Recording Direction

What to do?

We have seen that there are a number of aspects of sound that we use to determine its direction, so this should tell us what we need to reproduce to enable a listener to to get the same experience - right?

Sorry - it's not as simple as that. Let us start by considering two idealised situations:

We record the sound entering each ear canal, and play it back into the ear canals of the listener. At first this might seem ideal; but it has some obvious flaws:
- There is no way to introduce the effect of head movement.
- It has been found that pinna effects are quite strongly individualised, as we all have slightly different pinnae and have learnt the effects of our own.
We record the "sound field" within an area sufficient to enclose the head, and then reproduce this around the head of the listener - head movement is now allowed (within the defined volume) and timing, volume and tonal effects should be correctly generated by the listener's own head. However, this again is not practical:
- Collecting sufficient information about the sound field within a finite volume (as opposed to at a point) is not physically practical.
- We have no means to reproduce the sound field.
- We have not taken account of the interference to the sound field by the listener's head.
- We have not taken account of the ambience of the reproducing venue, which will be part of what is heard even though it is not part of what we wish to reproduce.

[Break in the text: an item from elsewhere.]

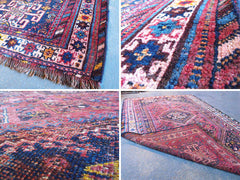 A Beautifully Worn Semi Old Persian Shiraz Rug 242cm x 140cm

Neither of these gives us a real solution, so what can we do?

Approaching the ideal - Binaural

The technique of recording the sound entering the ears, and playing it back, is approximated by "binaural" techniques. The recording may use a dummy head, or even torso, of varying detail, or may use the recordist's own head. The recordist may move while recording, but dummy heads are generally kept stationary. The listener uses headphones.

Remarkable realism can be achieved in this way; but it is limited by the restriction on head movement, the enclosing effect of headphones, and the limitations of the differences between the tonal effects generated by the recording setup and the listener's own body. The lucky listener will get a good match and impressive realism, but others - probably the majority - will fail to get a really good impression.

Approaching the ideal - Ambisonics

Ambisonics is a technique that describes the three-dimensional sound field at a point, and defines the means to reproduce that sound field at a point within a matrix of loudspeakers. For my purposes, the source of the description of the sound field is a "soundfield microphone", but others may wish to emphasise that synthetic sounds can also be generated in this format.

The problem with this technique is that it is only defined at a point, which is not sufficient for a listener to gain a fully convincing experience. However, the more detailed the description of the sound field at the single point, the more closely the reproduction at surrounding points will approximate the correct value. In real life, the simplest ambisonic technique ("first order") can be remarkably effective, but as with binaural techniques, not all will agree. Higher order versions which use more channels are harder to work with, but they can give a larger "sweet spot"; increasing computer power is enabling them to approach practicality.

Some work has also been done using an ambisonic source to generate binaural signals for headphones. As a refinement, head-tracking has been used, in which the decode from B-format to binaural is rotated appropriately, in real time, as the head is turned.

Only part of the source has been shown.